* _Your goal_
Transcribe the data exactly, stopping after the "Nabha Natesh New" line.

* _Extracted records_
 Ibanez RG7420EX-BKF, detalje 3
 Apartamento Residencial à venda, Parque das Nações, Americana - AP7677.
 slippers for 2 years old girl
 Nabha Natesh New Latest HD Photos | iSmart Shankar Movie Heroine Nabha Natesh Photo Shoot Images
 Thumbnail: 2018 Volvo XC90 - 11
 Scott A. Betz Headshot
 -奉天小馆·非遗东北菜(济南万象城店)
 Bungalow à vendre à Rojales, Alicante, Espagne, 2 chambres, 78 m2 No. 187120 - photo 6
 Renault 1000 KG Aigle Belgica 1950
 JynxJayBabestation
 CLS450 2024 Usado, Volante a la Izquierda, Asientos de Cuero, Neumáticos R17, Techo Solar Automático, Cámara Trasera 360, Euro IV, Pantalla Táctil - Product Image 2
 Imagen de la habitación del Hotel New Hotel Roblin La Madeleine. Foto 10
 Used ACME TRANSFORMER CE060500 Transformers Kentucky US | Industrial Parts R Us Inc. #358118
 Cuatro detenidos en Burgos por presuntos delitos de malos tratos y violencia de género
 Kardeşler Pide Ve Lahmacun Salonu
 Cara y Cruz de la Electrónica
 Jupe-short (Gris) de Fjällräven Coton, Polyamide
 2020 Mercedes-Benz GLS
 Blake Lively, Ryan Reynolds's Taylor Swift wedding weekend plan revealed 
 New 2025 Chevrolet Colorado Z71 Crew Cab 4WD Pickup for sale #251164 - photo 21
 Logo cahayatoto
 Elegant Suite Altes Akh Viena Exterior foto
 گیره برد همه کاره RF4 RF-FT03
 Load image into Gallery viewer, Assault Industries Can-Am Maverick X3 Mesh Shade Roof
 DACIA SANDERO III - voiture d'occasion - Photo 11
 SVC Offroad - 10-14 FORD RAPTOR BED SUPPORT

* _Result_
 Ibanez RG7420EX-BKF, detalje 3
 Apartamento Residencial à venda, Parque das Nações, Americana - AP7677.
 slippers for 2 years old girl
 Nabha Natesh New Latest HD Photos | iSmart Shankar Movie Heroine Nabha Natesh Photo Shoot Images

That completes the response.